TASK PROMPT
Word for word, set down every line of the entries below from the line with "portrait of a" to the line with "Беспроводной контроллер GameSir", including both, and no other line.
##### SOURCE MATERIAL #####
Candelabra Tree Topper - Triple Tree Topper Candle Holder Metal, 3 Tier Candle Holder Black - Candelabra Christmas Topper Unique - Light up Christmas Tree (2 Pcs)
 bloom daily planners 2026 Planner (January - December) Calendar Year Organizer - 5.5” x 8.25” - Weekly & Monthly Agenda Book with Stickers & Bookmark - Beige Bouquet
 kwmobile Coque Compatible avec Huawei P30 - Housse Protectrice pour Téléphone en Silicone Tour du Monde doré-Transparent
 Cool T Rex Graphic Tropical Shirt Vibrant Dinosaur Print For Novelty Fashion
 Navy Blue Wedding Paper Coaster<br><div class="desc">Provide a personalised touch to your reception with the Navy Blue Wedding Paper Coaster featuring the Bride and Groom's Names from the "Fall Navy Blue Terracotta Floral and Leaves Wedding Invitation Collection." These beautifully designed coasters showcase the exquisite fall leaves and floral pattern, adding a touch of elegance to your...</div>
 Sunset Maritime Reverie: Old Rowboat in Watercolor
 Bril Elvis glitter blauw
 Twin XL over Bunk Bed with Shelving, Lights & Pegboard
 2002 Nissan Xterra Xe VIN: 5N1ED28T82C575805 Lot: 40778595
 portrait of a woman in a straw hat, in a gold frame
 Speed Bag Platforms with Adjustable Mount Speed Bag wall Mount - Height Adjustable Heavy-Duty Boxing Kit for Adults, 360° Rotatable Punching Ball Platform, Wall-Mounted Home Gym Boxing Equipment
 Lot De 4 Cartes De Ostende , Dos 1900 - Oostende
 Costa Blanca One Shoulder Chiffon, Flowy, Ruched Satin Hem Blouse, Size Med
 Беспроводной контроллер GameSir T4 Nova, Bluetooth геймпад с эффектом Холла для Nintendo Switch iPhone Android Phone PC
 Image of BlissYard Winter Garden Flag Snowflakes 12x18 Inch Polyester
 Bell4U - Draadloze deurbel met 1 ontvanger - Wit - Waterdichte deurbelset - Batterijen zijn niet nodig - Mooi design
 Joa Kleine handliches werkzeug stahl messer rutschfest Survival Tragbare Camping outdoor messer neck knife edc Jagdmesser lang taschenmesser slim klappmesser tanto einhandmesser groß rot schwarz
#####
RESPONSE BOX
 portrait of a woman in a straw hat, in a gold frame
 Speed Bag Platforms with Adjustable Mount Speed Bag wall Mount - Height Adjustable Heavy-Duty Boxing Kit for Adults, 360° Rotatable Punching Ball Platform, Wall-Mounted Home Gym Boxing Equipment
 Lot De 4 Cartes De Ostende , Dos 1900 - Oostende
 Costa Blanca One Shoulder Chiffon, Flowy, Ruched Satin Hem Blouse, Size Med
 Беспроводной контроллер GameSir T4 Nova, Bluetooth геймпад с эффектом Холла для Nintendo Switch iPhone Android Phone PC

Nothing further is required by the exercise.